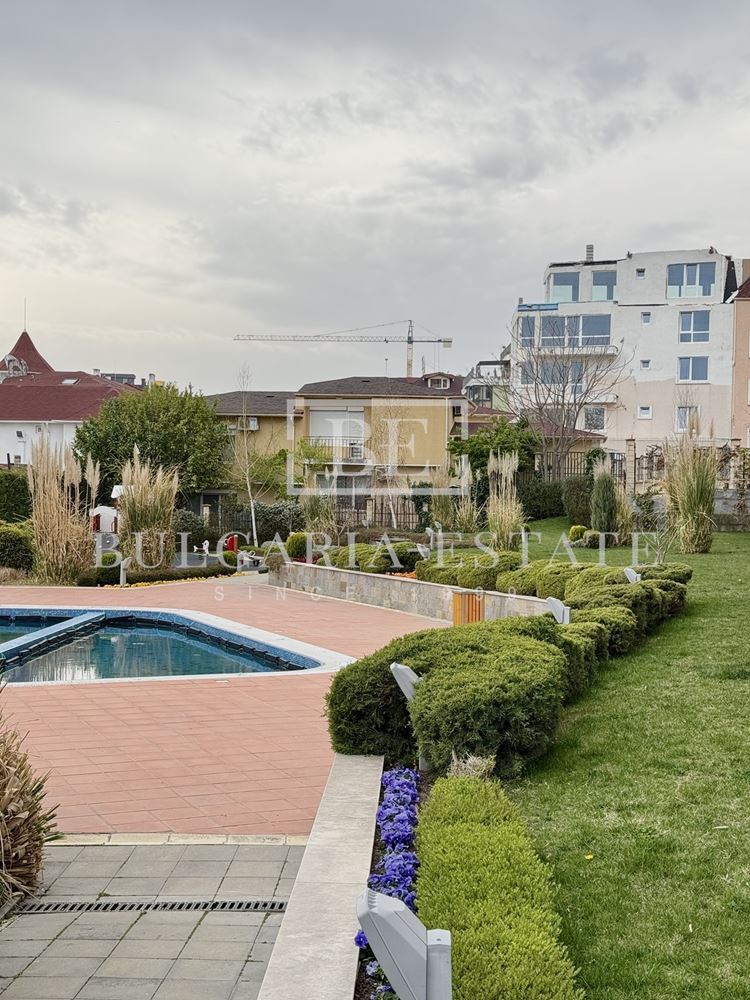 Двухкомнатная квартира в Бризе, КОРАЛ, парковочное место - 0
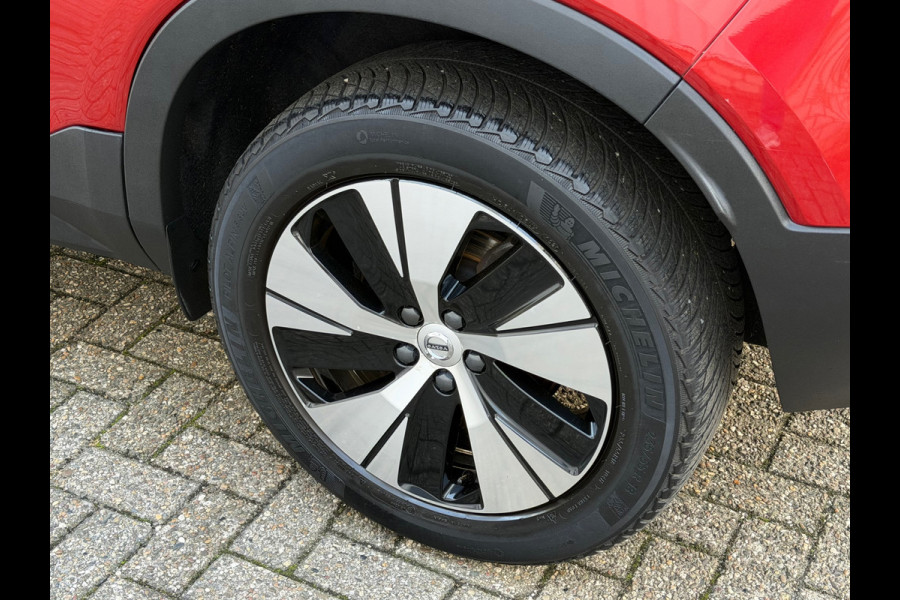 Volvo XC40 1.5 T4 Recharge | Navi | Cruise |Camera | Clima | 18"Lichtmetaal.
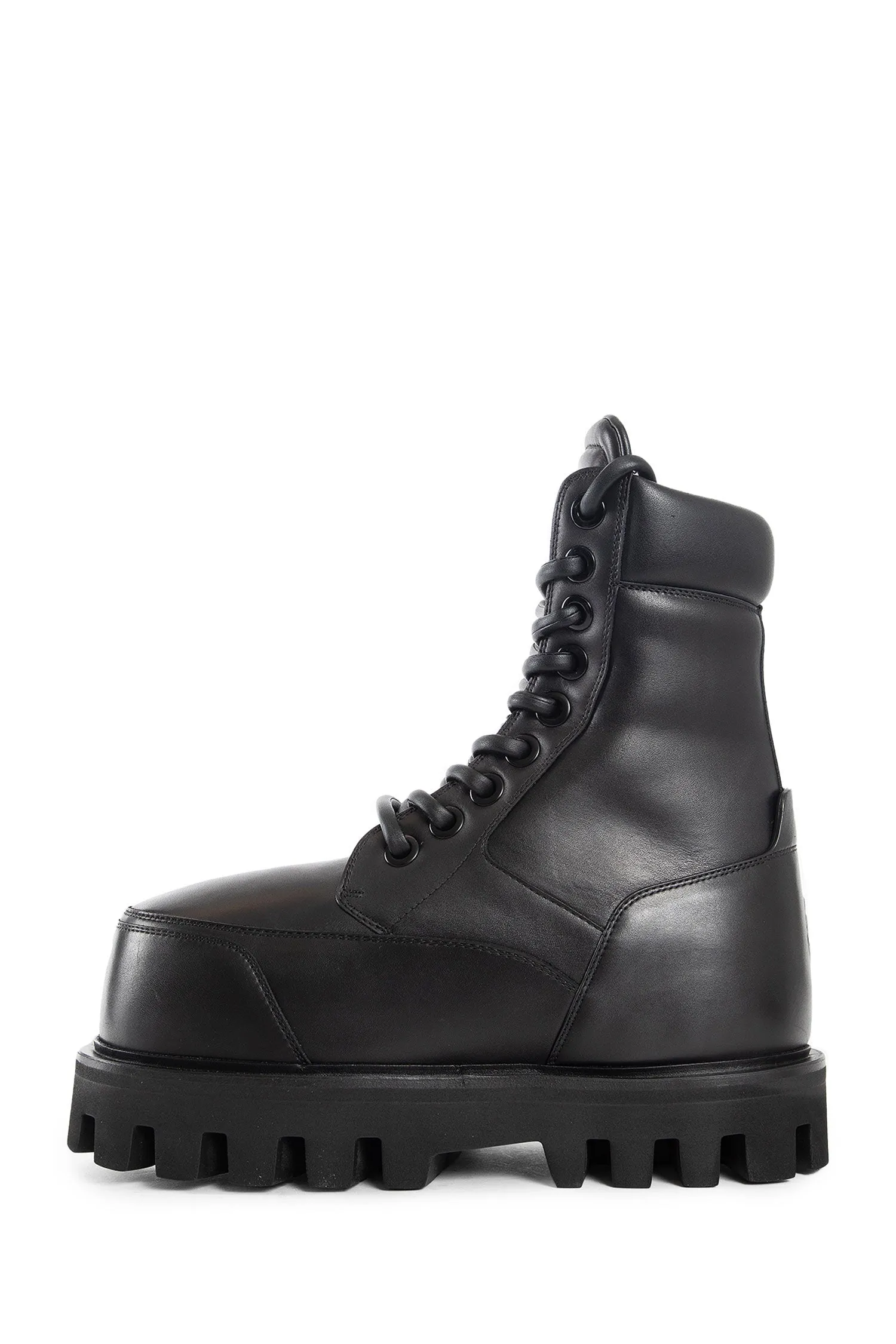 alexander mcqueen parachute ankle boot in black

==*==

→ **Task item**: Return the complete material exactly as given, excluding images.

→ **Task result**:
 Двухкомнатная квартира в Бризе, КОРАЛ, парковочное место - 0
 Volvo XC40 1.5 T4 Recharge | Navi | Cruise |Camera | Clima | 18"Lichtmetaal.
 alexander mcqueen parachute ankle boot in black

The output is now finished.